DATA SECTION START

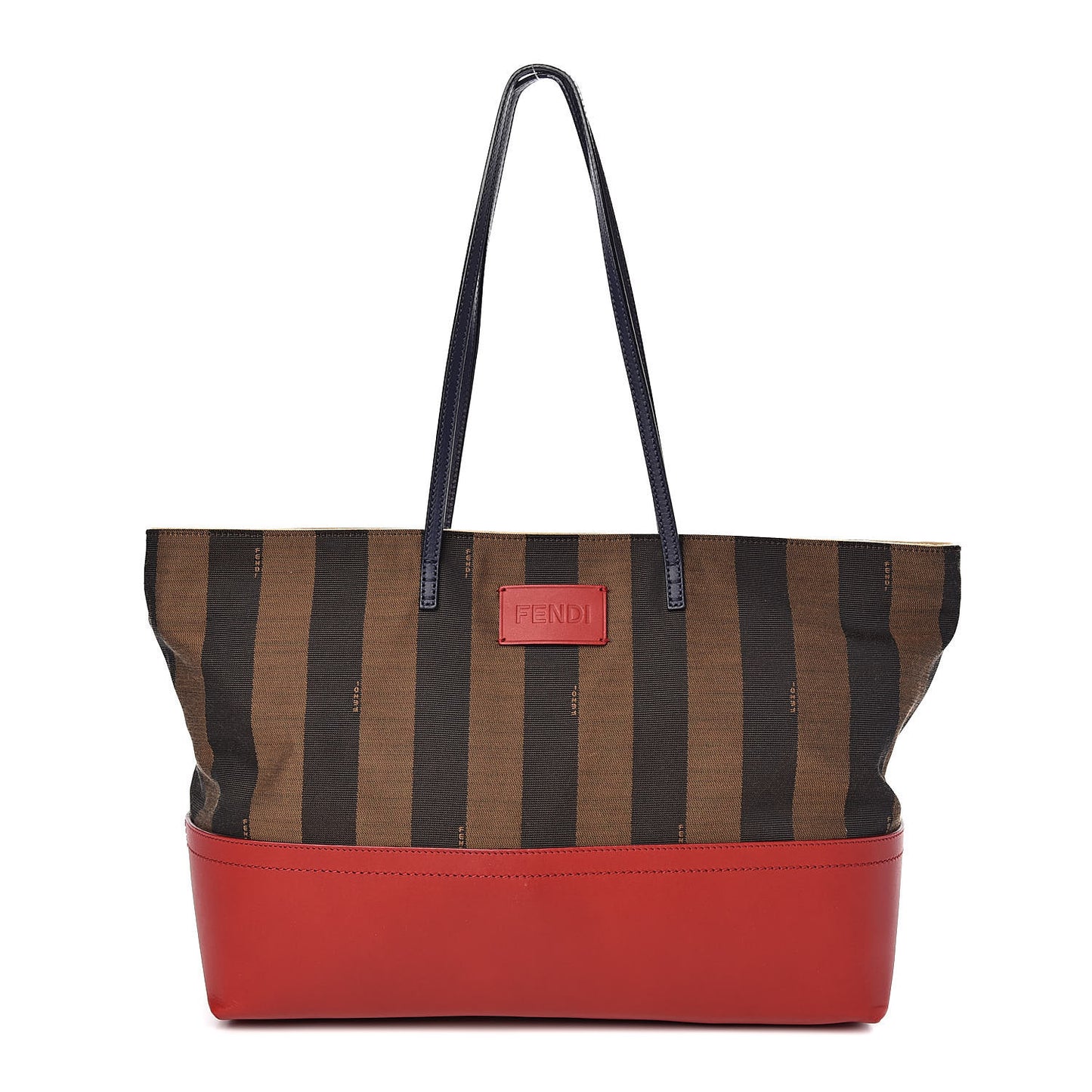 Pequin Cuoio Vegetale Medium Roll Tote Tobacco Rosso Blue Mirto Miele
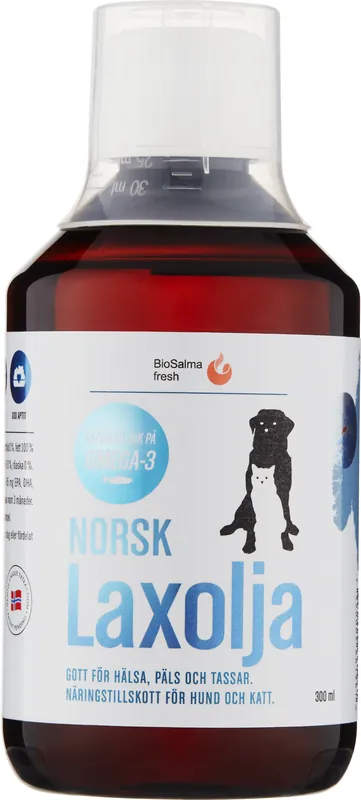 Fyndpris - Biosalma Norsk Laxolja för hund och katt 300 ml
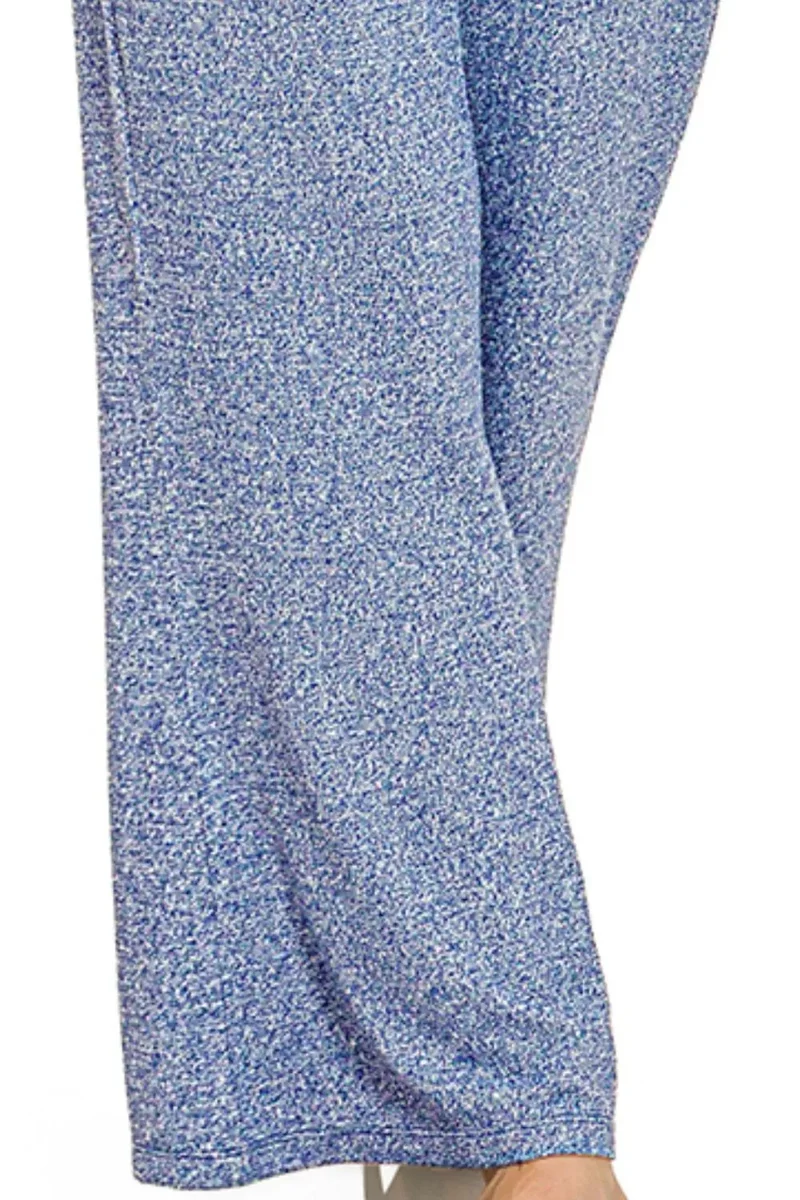 Zenana Zachte Flared Broek met Elastische Taille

DATA SECTION END

TASK DETAILS. Please set down the lines above word for word and leave out the pictures.

OUTPUT OF THE TASK.
 Pequin Cuoio Vegetale Medium Roll Tote Tobacco Rosso Blue Mirto Miele
 Fyndpris - Biosalma Norsk Laxolja för hund och katt 300 ml
 Zenana Zachte Flared Broek met Elastische Taille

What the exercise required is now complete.